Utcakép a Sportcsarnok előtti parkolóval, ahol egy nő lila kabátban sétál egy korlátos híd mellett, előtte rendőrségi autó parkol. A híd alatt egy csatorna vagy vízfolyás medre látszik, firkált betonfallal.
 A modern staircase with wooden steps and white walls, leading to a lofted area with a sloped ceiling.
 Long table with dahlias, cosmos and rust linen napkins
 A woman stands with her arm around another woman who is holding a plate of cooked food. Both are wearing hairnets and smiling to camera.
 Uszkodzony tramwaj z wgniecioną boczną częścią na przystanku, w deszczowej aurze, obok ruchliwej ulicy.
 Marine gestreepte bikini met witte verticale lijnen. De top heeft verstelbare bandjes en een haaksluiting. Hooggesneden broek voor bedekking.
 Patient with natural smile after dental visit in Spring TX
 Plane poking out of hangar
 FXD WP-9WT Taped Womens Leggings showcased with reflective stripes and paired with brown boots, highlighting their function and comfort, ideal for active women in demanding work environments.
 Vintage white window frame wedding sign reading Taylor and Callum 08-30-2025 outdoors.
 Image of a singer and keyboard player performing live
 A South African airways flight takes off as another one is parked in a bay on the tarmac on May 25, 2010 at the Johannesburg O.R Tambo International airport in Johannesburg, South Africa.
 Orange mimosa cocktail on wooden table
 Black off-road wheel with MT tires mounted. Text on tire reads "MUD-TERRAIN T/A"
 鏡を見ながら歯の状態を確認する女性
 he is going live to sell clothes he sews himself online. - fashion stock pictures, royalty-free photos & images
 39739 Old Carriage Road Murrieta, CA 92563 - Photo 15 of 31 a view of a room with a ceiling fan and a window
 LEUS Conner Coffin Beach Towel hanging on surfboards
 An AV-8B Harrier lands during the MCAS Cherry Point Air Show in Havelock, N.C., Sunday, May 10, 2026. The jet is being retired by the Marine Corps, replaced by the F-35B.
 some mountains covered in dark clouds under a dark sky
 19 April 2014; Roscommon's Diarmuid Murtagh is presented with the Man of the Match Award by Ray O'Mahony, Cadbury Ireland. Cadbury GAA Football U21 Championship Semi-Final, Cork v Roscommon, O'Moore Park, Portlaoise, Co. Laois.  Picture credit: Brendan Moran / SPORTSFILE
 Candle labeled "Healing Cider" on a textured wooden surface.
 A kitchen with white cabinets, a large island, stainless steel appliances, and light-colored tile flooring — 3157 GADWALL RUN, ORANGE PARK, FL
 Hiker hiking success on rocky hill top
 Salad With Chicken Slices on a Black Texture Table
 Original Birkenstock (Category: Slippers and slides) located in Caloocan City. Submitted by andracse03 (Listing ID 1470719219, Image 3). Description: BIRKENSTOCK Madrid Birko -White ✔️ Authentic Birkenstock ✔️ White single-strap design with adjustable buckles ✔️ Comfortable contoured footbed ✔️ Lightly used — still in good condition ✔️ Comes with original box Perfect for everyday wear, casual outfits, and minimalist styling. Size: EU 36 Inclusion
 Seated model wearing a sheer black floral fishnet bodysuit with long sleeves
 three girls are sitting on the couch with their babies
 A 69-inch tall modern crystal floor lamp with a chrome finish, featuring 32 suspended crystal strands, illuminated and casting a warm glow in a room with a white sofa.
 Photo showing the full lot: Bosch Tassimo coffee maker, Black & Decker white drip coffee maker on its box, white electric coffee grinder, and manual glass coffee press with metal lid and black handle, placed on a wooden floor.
----------
_Instructions for the task:_ All of the data above should be written out again word for word.

_Answer space:_
Utcakép a Sportcsarnok előtti parkolóval, ahol egy nő lila kabátban sétál egy korlátos híd mellett, előtte rendőrségi autó parkol. A híd alatt egy csatorna vagy vízfolyás medre látszik, firkált betonfallal.
 A modern staircase with wooden steps and white walls, leading to a lofted area with a sloped ceiling.
 Long table with dahlias, cosmos and rust linen napkins
 A woman stands with her arm around another woman who is holding a plate of cooked food. Both are wearing hairnets and smiling to camera.
 Uszkodzony tramwaj z wgniecioną boczną częścią na przystanku, w deszczowej aurze, obok ruchliwej ulicy.
 Marine gestreepte bikini met witte verticale lijnen. De top heeft verstelbare bandjes en een haaksluiting. Hooggesneden broek voor bedekking.
 Patient with natural smile after dental visit in Spring TX
 Plane poking out of hangar
 FXD WP-9WT Taped Womens Leggings showcased with reflective stripes and paired with brown boots, highlighting their function and comfort, ideal for active women in demanding work environments.
 Vintage white window frame wedding sign reading Taylor and Callum 08-30-2025 outdoors.
 Image of a singer and keyboard player performing live
 A South African airways flight takes off as another one is parked in a bay on the tarmac on May 25, 2010 at the Johannesburg O.R Tambo International airport in Johannesburg, South Africa.
 Orange mimosa cocktail on wooden table
 Black off-road wheel with MT tires mounted. Text on tire reads "MUD-TERRAIN T/A"
 鏡を見ながら歯の状態を確認する女性
 he is going live to sell clothes he sews himself online. - fashion stock pictures, royalty-free photos & images
 39739 Old Carriage Road Murrieta, CA 92563 - Photo 15 of 31 a view of a room with a ceiling fan and a window
 LEUS Conner Coffin Beach Towel hanging on surfboards
 An AV-8B Harrier lands during the MCAS Cherry Point Air Show in Havelock, N.C., Sunday, May 10, 2026. The jet is being retired by the Marine Corps, replaced by the F-35B.
 some mountains covered in dark clouds under a dark sky
 19 April 2014; Roscommon's Diarmuid Murtagh is presented with the Man of the Match Award by Ray O'Mahony, Cadbury Ireland. Cadbury GAA Football U21 Championship Semi-Final, Cork v Roscommon, O'Moore Park, Portlaoise, Co. Laois.  Picture credit: Brendan Moran / SPORTSFILE
 Candle labeled "Healing Cider" on a textured wooden surface.
 A kitchen with white cabinets, a large island, stainless steel appliances, and light-colored tile flooring — 3157 GADWALL RUN, ORANGE PARK, FL
 Hiker hiking success on rocky hill top
 Salad With Chicken Slices on a Black Texture Table
 Original Birkenstock (Category: Slippers and slides) located in Caloocan City. Submitted by andracse03 (Listing ID 1470719219, Image 3). Description: BIRKENSTOCK Madrid Birko -White ✔️ Authentic Birkenstock ✔️ White single-strap design with adjustable buckles ✔️ Comfortable contoured footbed ✔️ Lightly used — still in good condition ✔️ Comes with original box Perfect for everyday wear, casual outfits, and minimalist styling. Size: EU 36 Inclusion
 Seated model wearing a sheer black floral fishnet bodysuit with long sleeves
 three girls are sitting on the couch with their babies
 A 69-inch tall modern crystal floor lamp with a chrome finish, featuring 32 suspended crystal strands, illuminated and casting a warm glow in a room with a white sofa.
 Photo showing the full lot: Bosch Tassimo coffee maker, Black & Decker white drip coffee maker on its box, white electric coffee grinder, and manual glass coffee press with metal lid and black handle, placed on a wooden floor.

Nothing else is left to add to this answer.